EXTRACTED INFORMATION:
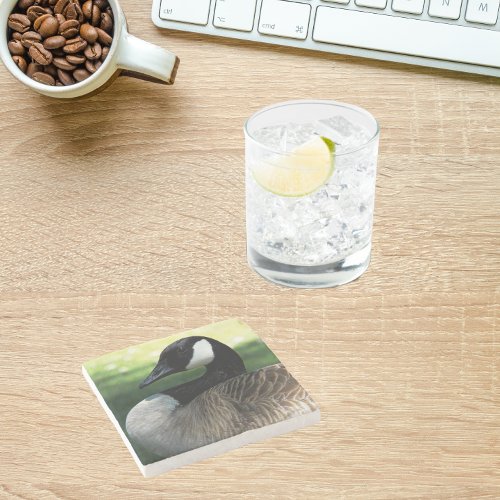 Canada Goose Wildlife Photo Stone Coaster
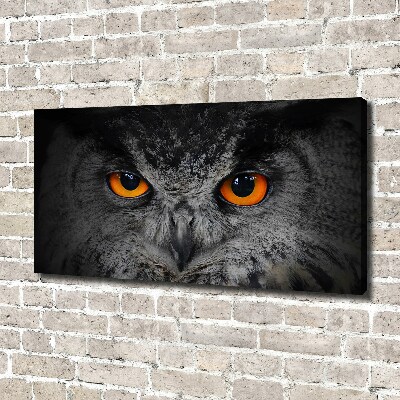 Foto obraz canvas Diabelskie oczy sowy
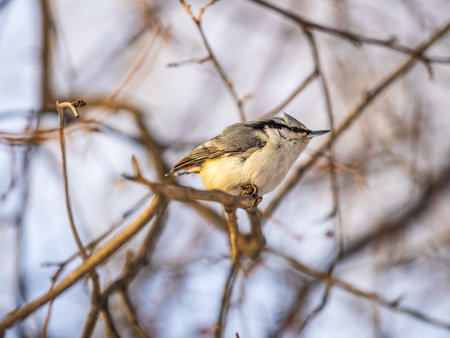 Eurasian nuthatch or wood nuthatch, lat. Sitta europaea, sitting on a tree branch with a blurred background. Gray and Orange colored small bird with a black eyestripe.の写真素材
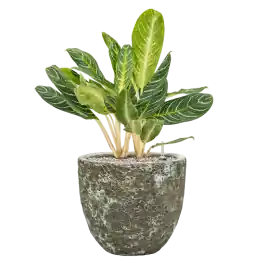 Aglaonema Key Lime in Vulcana Couple Groen | Outlet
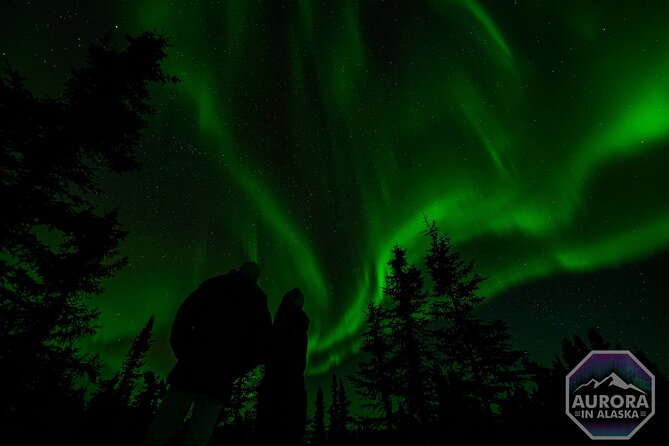 SkyChase™ | Northern Lights Experience - Free Photography & More - Entering the Aurora Oval: how the night gets planned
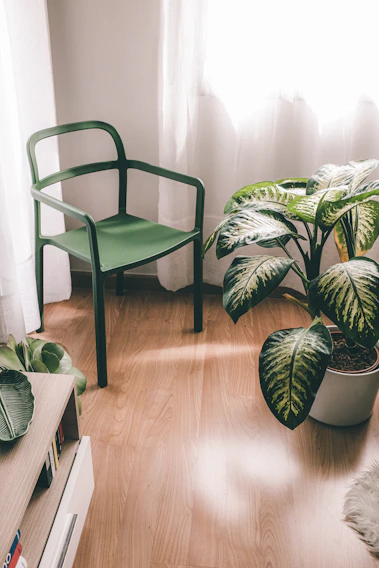 A cozy wicker chair nestled in a sunlit corner surrounded by green plants.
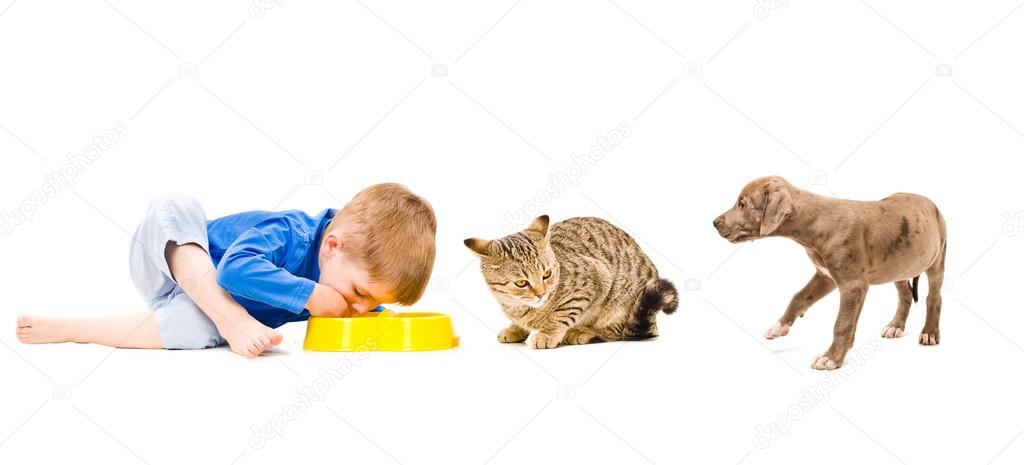 Joint food boy, cat and puppy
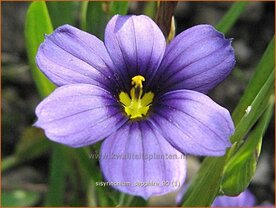 Sisyrinchium 'Sapphire' | Bieslelie
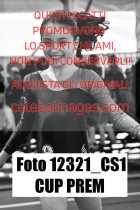 12321_CS1-CUP-PREM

EXERCISE GOAL:
Repeat every entry exactly, but leave out the pictures.

EXPECTED ANSWER:
 Canada Goose Wildlife Photo Stone Coaster
 Foto obraz canvas Diabelskie oczy sowy
 Eurasian nuthatch or wood nuthatch, lat. Sitta europaea, sitting on a tree branch with a blurred background. Gray and Orange colored small bird with a black eyestripe.の写真素材
 Aglaonema Key Lime in Vulcana Couple Groen | Outlet
 SkyChase™ | Northern Lights Experience - Free Photography & More - Entering the Aurora Oval: how the night gets planned
 A cozy wicker chair nestled in a sunlit corner surrounded by green plants.
 Joint food boy, cat and puppy
 Sisyrinchium 'Sapphire' | Bieslelie
 12321_CS1-CUP-PREM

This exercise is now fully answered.